L’ hormone prolactinique ou prolactine est une hormone polypeptidique, produite pas les cellules lactotropes de l’antéhypophyse, intervenant dans la montée laiteuse, la régulation de l’axe hypothalamo-hypophyso-gonadique et la libido.
Constituée de 199 aminoacides, la PRL est soumise surtout à un contrôle inhibiteur de l’hypothalamus par la PIH (Prolactin Inhibiting Hormone), identifiée comme la dopamine. Elle se lie à des récepteurs notamment présents au niveau de la glande mammaire, des gonades. La PRL intervient dans le déclenchement de la lactation sur une glande préalablement soumise à l’action des œstrogènes. Son effet sur le développement de la glande mammaire est discuté. En revanche l’excès de PRL détermine une inhibition des fonctions gonadiques et des altérations de la libido.
Physiologiquement la PRL s’accroît au décours de l’accouchement, en réponse à la succion mamelonnaire, et détermine la montée laiteuse. Elle explique aussi l’anovulation et l’hypo-œstrogènie, responsable de l’absence de réapparition des menstruations.
Chez la femme jeune, l’excès de PRL détermine typiquement un syndrome aménorrhée-galactorrhée, parfois une simple situation d’anovulation avec infertilité, ou une galactorrhée isolée, ou des troubles de la libido. Chez l’homme l’excès de PRL est responsable d’impuissance ou plus volontiers d’une franche diminution de la libido, mais se révèle souvent par un syndrome tumoral.
L’excès de PRL est en effet d’abord lié au développement de tumeurs hypophysaires (macro- ou microprolactinomes), accessibles au traitement dopaminergique (bromocriptine, cabergoline..), Mais l’excès de PRL est aussi lié à des médications (anti-émétiques, neuroleptiques, psychotropes, œstrogènes à fortes doses, vérapamil, réserpine, opiacés et cocaïne…), à des désordres généraux (hypothyroïdie, insuffisances hépatique et rénale), à des déconnections fonctionnelles au cours de pathologies hypothalamiques, hypophysaires ou de la tige pituitaire.

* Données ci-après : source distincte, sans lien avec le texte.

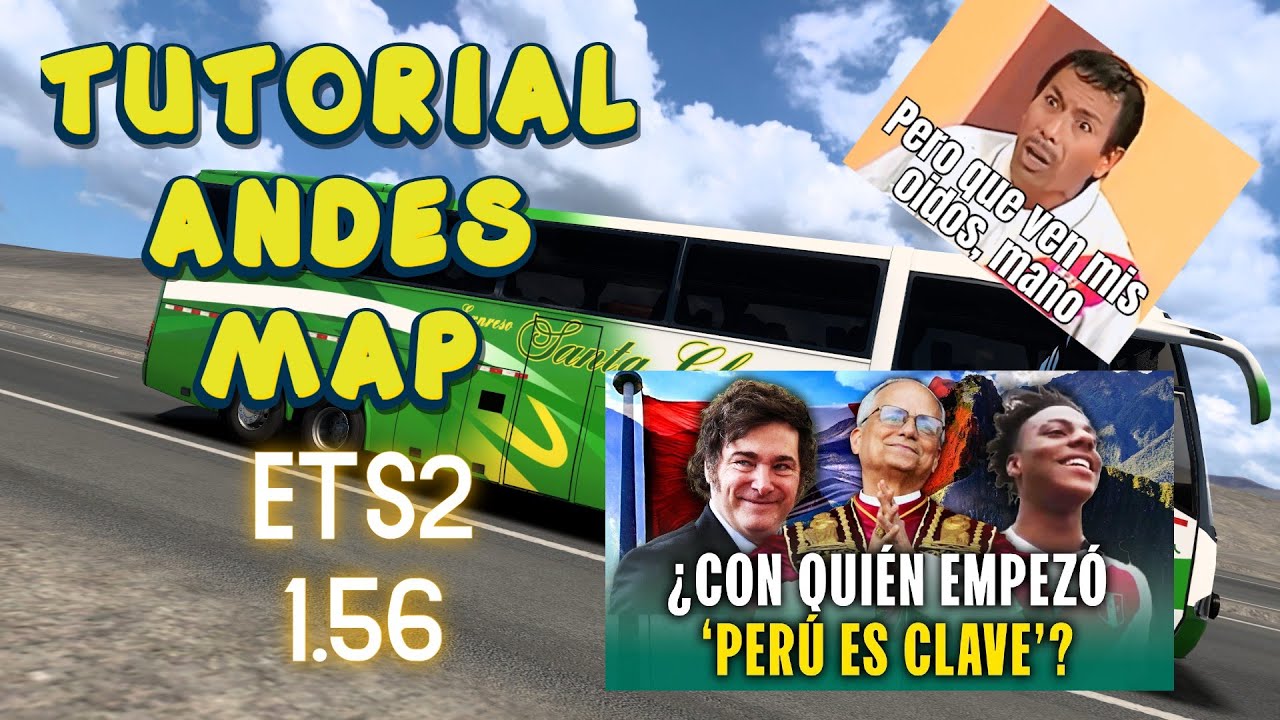 TUTORIAL DESCARGA ANDES MAP ETS2 1.56 | Mapa Per&uacute; | Link Del Mapa + Perfil Dinero y Experiencia FULL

Étym. gr. hormaô : j'excite

Syn. prolactine, prolactin inhibiting facteur, prolactinome

[O4]

nœuds lymphatiques sous-mandibulaires  l.m.p.

nodi lymphoidei submandibulares (TA)

submandibular lymph nodes

Groupe de nœuds lymphatiques situés le long du bord inférieur de la mandibule dans la loge de la glande sous-mandibulaire.
 Ils sont répartis en cinq groupes, préglandulaires, prévasculaire, rétrovasculaire et rétroglandulaire (dénommés selon leur position par rapport à la glande sous-mandibulaire et à la veine faciale), et un groupe intra-capsulaire inconstant situé dans l’épaisseur de la glande sous-mandibulaire, en particulier autour des canaux excréteurs.
L’ensemble de ces nœuds lymphatique drainent la partie inférieure de la face, le plancher buccal et la langue mobile.